Why did this happen?  There are several reasons why programmers don't always use the right tool for the job.  One is the generality of our tools.  Usually, the same application can be written using any general-purpose language.  One may be particularly well-suited for the task, but, with more effort, others can be used.  Another reason is the steep learning curve associated with our tools.  It takes a lot of time to learn all the intricacies of a programming language (or other tool), and a programmer who mastered one will be reluctant to start from scratch with another language just to perform one task.  Obviously, the developers of the Unix kernel were masters of the C language (and influenced or even participated in its evolution).  It was natural for them to write all other parts of the system, including user applications, in the same language.  The great success of Unix and C created a large body of programmers whose hammer was C, and all applications their nail.  As a result, the first really popular object-oriented language, C++, was built as an extension to C, inheriting all the properties that make it unsuitable for user-application development.

It took a long time until a successor appeared, in the form of Java, which rejected many of the assumptions underlying C and C++, and removed many of its undesirable properties.  (Of course, we are still stuck with the awful syntax, which is responsible for a whole set of problems by itself.)  First and foremost, Java challenged the assumption that the language must be compilable into extremely efficient code; this is in fact wrong for most application development work.  Yes, inner loops in database management systems, communications, cryptography, and similar software must be heavily optimized.  But it is much more important for business (and desktop) applications to be free from security vulnerabilities than for them to be a little faster.  In addition, development expenses, which include developer time as well as the cost of tools that attempt to find security vulnerabilities and other problems, often outweigh the benefits of application speed.  Of course, loss of customer trust as a result of security breaches can be devastating.

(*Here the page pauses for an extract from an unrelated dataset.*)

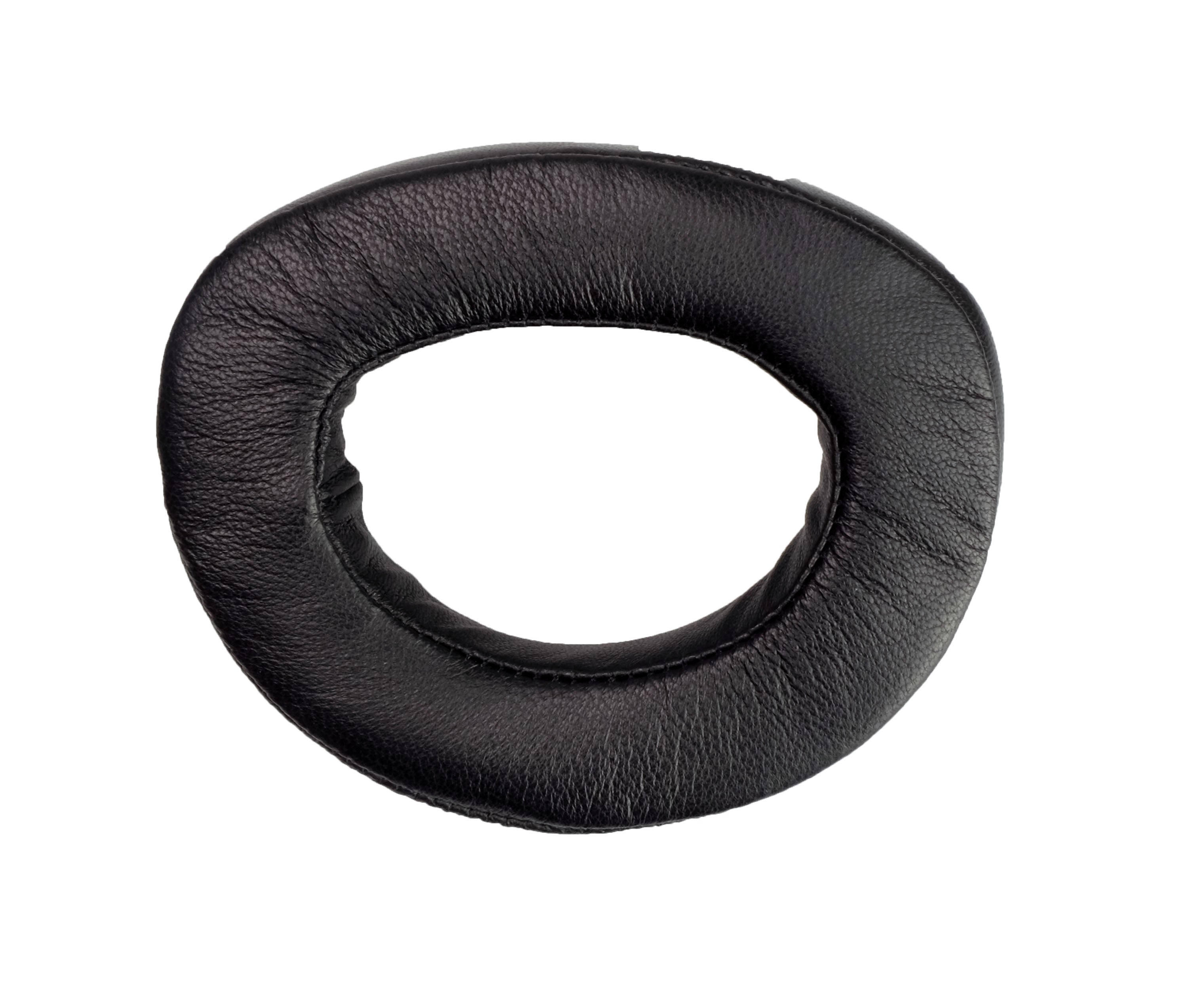 Dekoni Audio EPZ-HD700 Elite Sheepskin Ear Pads for Sennheiser HD700 Headphones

We saw two reasons why developers don't always use the right tool for the job: the overlap between tools due to their generality, and the difficulty of learning a new one.  These have a corollary, resulting from the nature of organizations.  While it is good to have experts in various kinds of technologies and tools, it is important for a cohesive organization to have a common set of tools, a lingua franca that everybody is familiar with, for the main part of the development work.  This is important for good communications, and also makes integration easier.  But it also leads to the use of the least common denominator, the language and tools that can support most of the work, even if they are not the best for any single purpose.  Thus I find myself these days programming in Java, although it may not be my first choice for the kinds of systems I develop.

There are more reasons why developers don't use the best tool for the job, and many other tools worth discussing.  But these will have to wait for later posts.

P.S. See the excellent book, C Traps and Pitfalls, for a list of syntactic and semantic issues you must be aware of if you develop in C or a derivative language.